Banda Aceh (Waspada Aceh) – Sebuah baliho besar berada pusat Kota Banda Aceh, menampilkan Orangutan Sumatera di kerangkeng dan bayi orangutan yang terikat rantai. Visual ini menjadi pengingat keras bahwa satwa khas Aceh itu terus terancam.
Baliho ini dipasang bertepatan dengan Hari Orangutan Sedunia (International Orangutan Day), 19 Agustus 2025, hasil kolaborasi Yayasan Hutan Alam dan Lingkungan Aceh (HAkA), Bu-Moe? Fest, Forum Orangutan Indonesia (FORINA), dan Forum Orangutan Aceh (FORA).
Raja Mulkan, juru kampanye HAkA, mengatakan Orangutan terus terancam karena deforestasi, perburuan, dan perdagangan ilegal.

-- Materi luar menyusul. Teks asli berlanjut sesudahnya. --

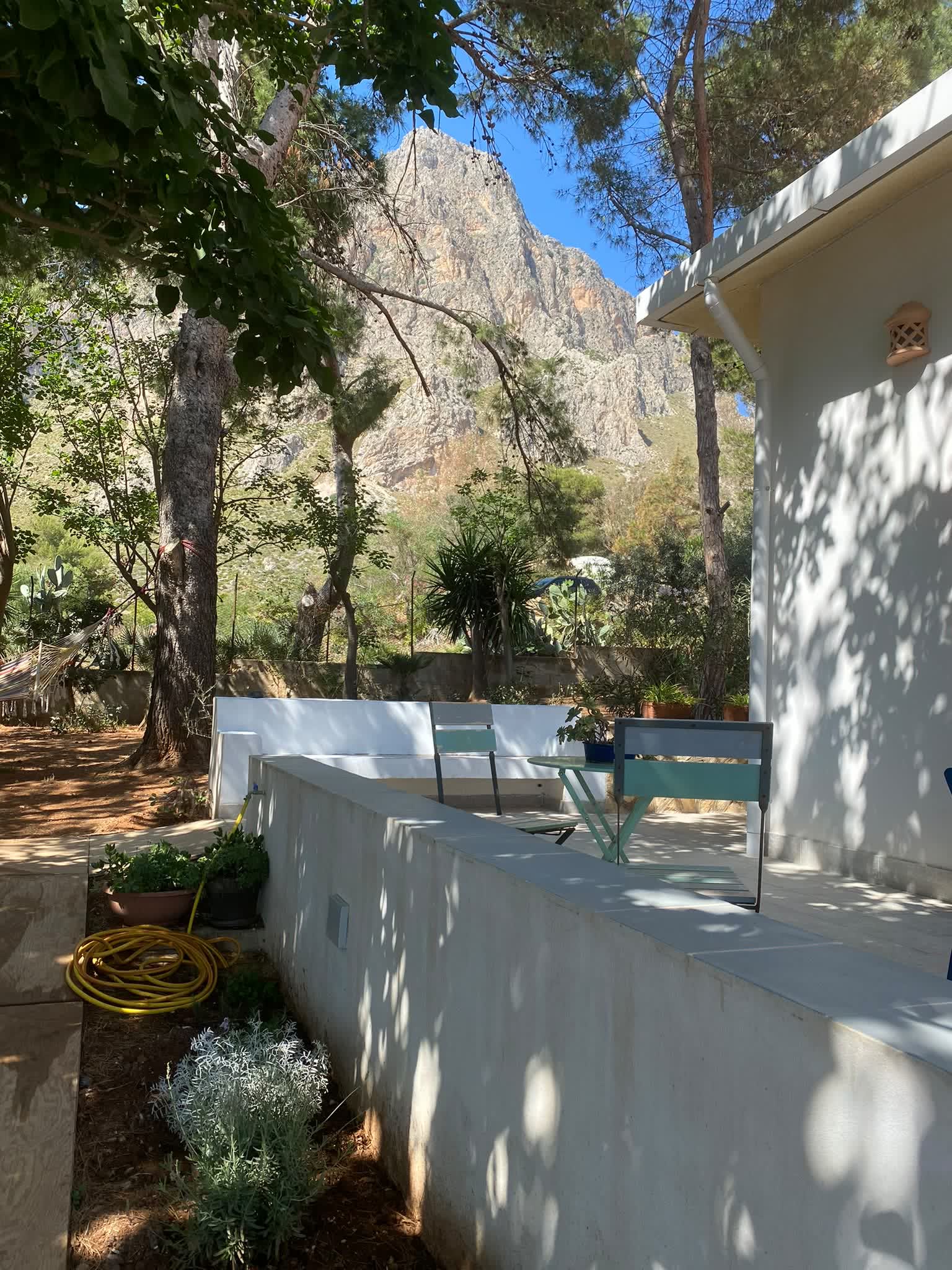 Die Außenseite der Villa mit dem Monte Cofano im Rücken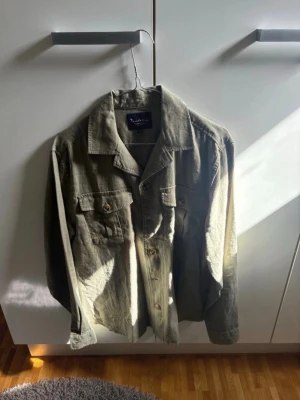 Linen overshirt - Stilren grön Linen overshirt från Bondelid i ett mjukt, lite kraftigare Linen tyg. Klassisk krage, två bröstfickor med knapp och knäppning framtill. Perfekt lager på lager-plagg med avslappnad passform och långa ärmar.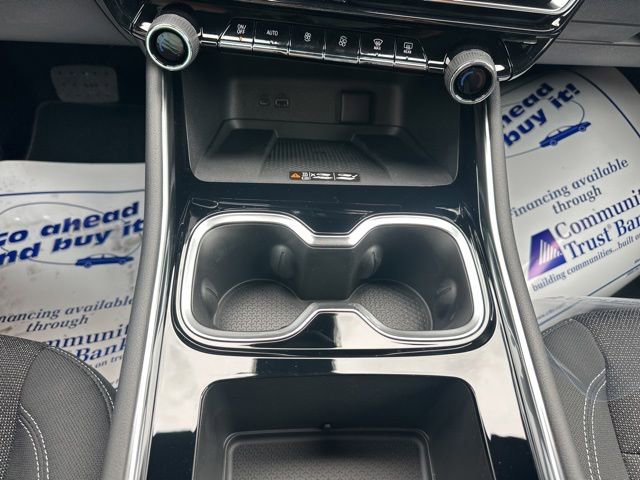 New 2026 Chevrolet Traverse LT FWD image 18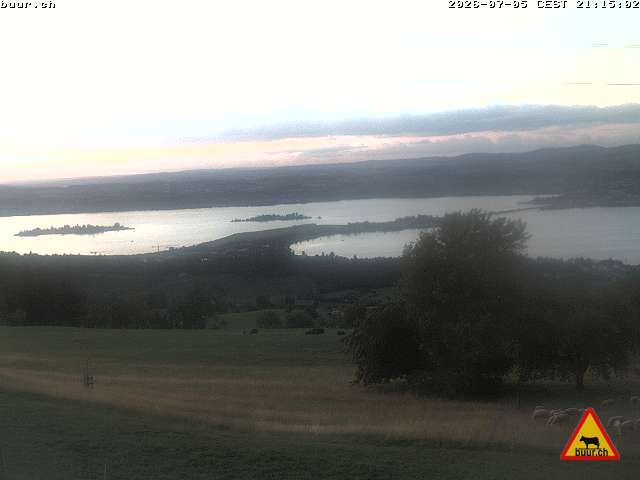 Altendorf › Norden: Freienbach-Hurden-Seefeld - Ledigatter (Seedammdurchlass) - Seedamm - Holzbrücke Rapperswil-Hurden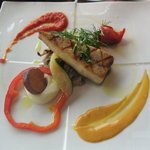 レストラン＆バー Level 36 - メイン(セカンドピアット)　スズキのグリル季節の野菜添え　ウニソースとトマトソース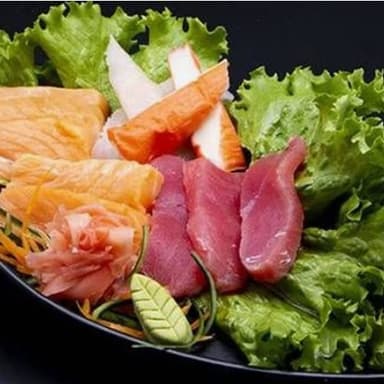 Sashimi 12 Piezas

“Jangan sampai satwa kebanggaan ini hilang. Mari jadikan momen kemerdekaan sebagai seruan untuk membebaskan semua makhluk hidup dari ancaman kepunahan,” tuturnya, Selasa (19/8/2025).
Orangutan Sumatera (Pongo abelii) dikenal sebagai “arsitek hutan” karena fungsinya menjaga keseimbangan ekosistem.
Mereka membantu memperluas tutupan hutan melalui penyebaran ribuan biji dari berbagai jenis pohon, yang menjadi penopang kehidupan satwa lain, termasuk manusia. Namun, peran penting itu terancam.
Orangutan Sumatera kini berstatus Kritis menurut IUCN. Dari 2020–2024, tercatat 13 perkara hukum di Aceh melibatkan 5 individu orangutan sebagai barang bukti, dengan 14 terdakwa, dan vonis tertinggi 4 tahun penjara.
Kasus ini menunjukkan perdagangan orangutan masih terjadi dan bersifat sistematis.
Kasus terbaru terjadi di Thailand. Januari dan Mei 2025, lima bayi orangutan Sumatera berhasil diselamatkan dari penyelundupan ke Thailand, satu di antaranya meninggal.
Empat yang selamat kini dititipkan di Khao Prathap Chang Wildlife Center dan dijadwalkan dipulangkan ke Indonesia akhir 2025, sebagai bagian dari peringatan 75 tahun hubungan diplomatik Indonesia-Thailand.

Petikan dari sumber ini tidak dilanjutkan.